We'll start with a very early trade journal. Power, was once Steam, and was founded by N. Hawkins, who wrote under the name Theodore Audel. The publication was established in October 1882. It eventually became the cornerstone of the McGraw-Hill empire but it's N.Hawkins that is most interesting. And so I'll turn to the NY Times.

Hmmm... not much there. A note in the 14 January 1963 edition of the NY Times (p.3) noted that Howard W. Sams and Co. "publishers of technical and trade manuals, books, and magazines" had acquired New York based American Handbook and Textbook Co., and its subsidiary Theodore Audel and Co.

Now the Howard W. Sams Company has an odd history. The founder sold the company in 1967 to ITT corporation. In 1985, ITT sold the company to Macmillan Publishing. In 1987, Macmillan was acquired by Robert Maxwell who sold off many of the divisions. The remaining assets were put on the block in 1989 and it was acquired by two executives who then sold the company to Bell Atlantic in 1995. In 2000 the company was sold again to a startup called eCatalogs, who spun off all assets that weren't catalog-related. The were acquired by Damon Davis who established Sams Technical Publishing. After a variety of transactions with Thomson Learning, the remaining assets were acquired by AGS Capital. Now that history is of some interest since I remember the Sams manuals from the early days of the Internet. But it doesn't get me to a history of Audel's. Back to N. Hawkins.
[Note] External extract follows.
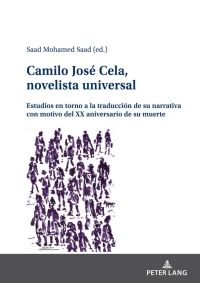 Immagine di copertina: Camilo José Cela, novelista universal 1st edition 9783631869130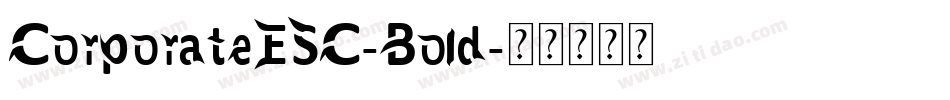 CorporateESC-Bold字体转换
Was he Nehemiah Hawkins? Who apparently also wrote under the name of William Rogers? And may have been born in 1833? He may even be credited with the first usage of the word "bug" for a technical problem. A Nehemiah Hawkins was also instrumental in the establishment of Highland Park Illinois.
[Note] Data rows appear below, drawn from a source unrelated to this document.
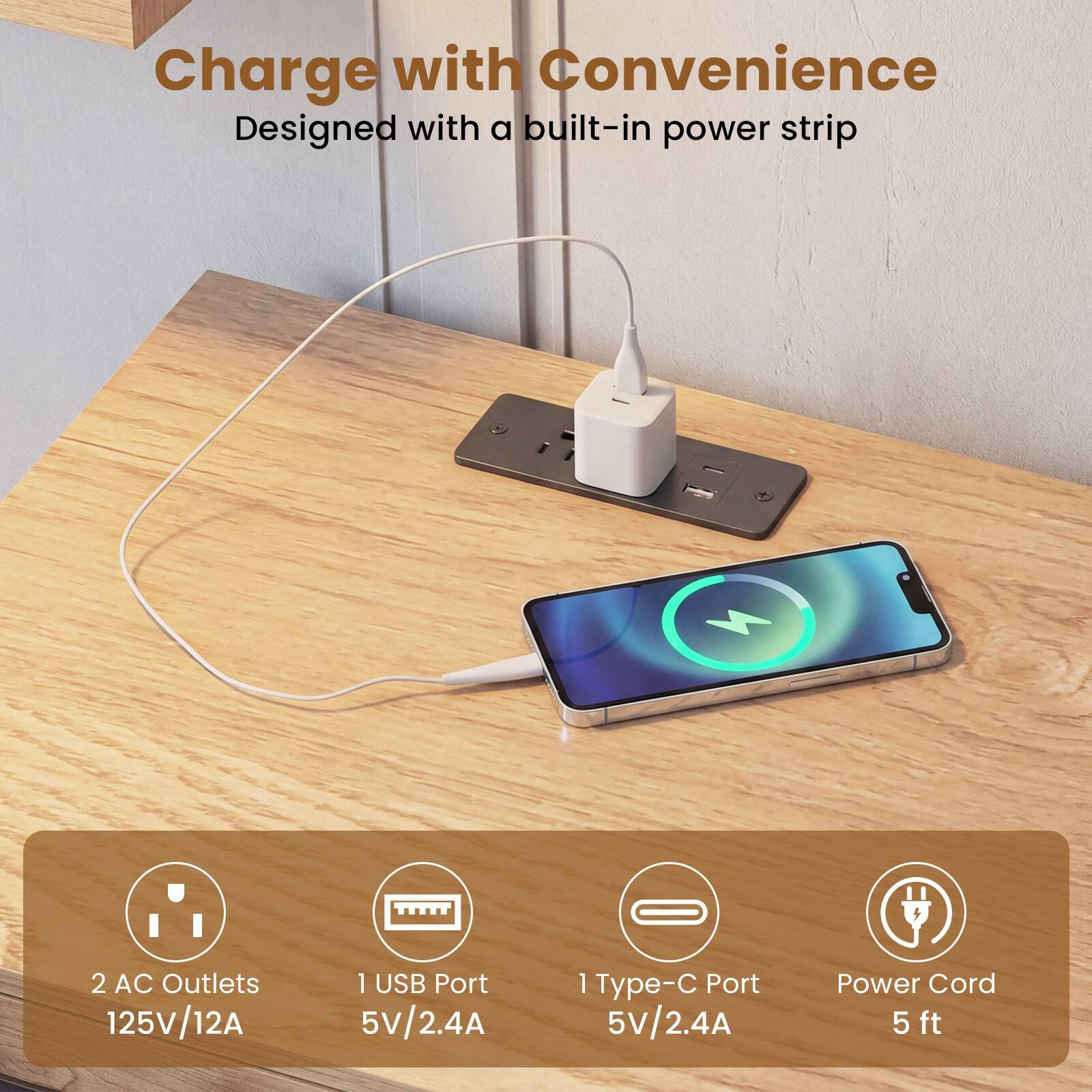 Charge with Convenience  
Designed with a built-in power strip

- 2 AC Outlets 125V/12A
- 1 USB Port 5V/2.4A
- 1 Type-C Port 5V/2.4A
- Power Cord 5 ft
An engagement accouncement noted that a Harriet R. Hawkins, daughter of Nehemiah Hawkins, was betrothed to Herbert W. Todd (Sept. 27 1905, p. 9. NY Times). Another daughter, Mildred, seems to have been married to Walter Edward Jarvis on 12 December 1911 (13 December 1911, p. 11, NY Times). Maria Virginia, "beloved wife of Nehemiah Hawkins," died on 22 November 1913 (23 November 1913, p. c7, NY Times). The obit notes some connection to Springfield MA and Chicago. She died on her 70th birthday. A more detailed notice the next day (p.7) notes that she was the wife of Hawkins, "author and publisher of many scientific works." Nehemiah apparently lived a great deal longer.
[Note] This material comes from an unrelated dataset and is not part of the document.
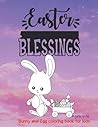 Easter blessings: Bunny and egg coloring book for kids. Age 4 - 10.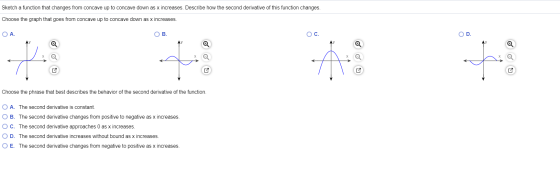 Sketch a function that changes from concave up to concave down as x increases. Describe how the second derivative of this fun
The obituary for Hawkins from 17 January 1928 (p.29 NY Times) reads:

Nehemiah Hawkins Dies.
Publisher, Author and Inventor -- Descendant of Roger Williams.
Nehemiah Hawkins, retired publisher, author and inventor, seventh in descent from Roger Williams, founder of the Providence Plantation, died on Sunday in Scarsdale at the age of 94.

He was born in Providence, RI, and spent his youth in Springfield, Mass., where he began his career with the Merriam Company, publishers of Webster's Dictionary. Later, while residing in Chicago he was influential in the founding of the original Chicago University. Coming to this city, he published technical books for industrial works. He was one of the founders of Power, an engineering periodical. He belonged to the Park Avenue Baptist Church. He left a son, Victor, and two daughters, Mrs. Mildred H. Jarvis and Mrs. Herbert W. Todd.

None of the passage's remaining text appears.